開幕近し

 ACLが始まり、J開幕を明日に控え、新シーズン到来が色濃くなってきた。JFLも一週間弱で開幕となり、先日、全日程も発表された。今季から天皇杯の進行が早まることもあっていつもの年の感覚とは異なるが、日程表を見ている限り暑い時期に遠隔地アウエーが続く、というわけでもなく、MIOにとって結構いい感じではないだろうか。
 スタジアムは布引と甲賀が半々くらいか。アクセス的には皇子山でできる試合があればありがたいのだが、スタジアムとしては布引も甲賀も気に入っているので、今から両スタジアムの青い芝を心待ちにしている。
 目標はやはりホーム全試合と奈良、大阪、三重のアウエー、天皇杯参戦。
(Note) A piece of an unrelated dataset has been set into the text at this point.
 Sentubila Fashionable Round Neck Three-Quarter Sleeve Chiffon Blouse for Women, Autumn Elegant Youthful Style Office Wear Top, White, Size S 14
ここ数年の仕事の具合からして必ずいけない試合が出てくることは覚悟しておかなければいけないが、それでも昨年のようにはなりたくないものだ。加えて、今年は一か所でいいのでアウエーで宿泊込みの観戦をしてみたい。宿泊を伴ったのは天皇杯マリノス再戦の時だけだが、試合後もいつものように帰宅時間を気にしながら急いでスタジアムを後にする必要もなく、中華街に行くなどして楽しかった。時間の都合で東北などは難しいが、東海圏内(Hondaかマルヤスだが)でなんとかしたいし、今治のアウエーも射程には入れときたい。温泉があればベストだが、狭いビジネスホテルでもいいので、アウエーの地でのんびり眠ってみたいなあ。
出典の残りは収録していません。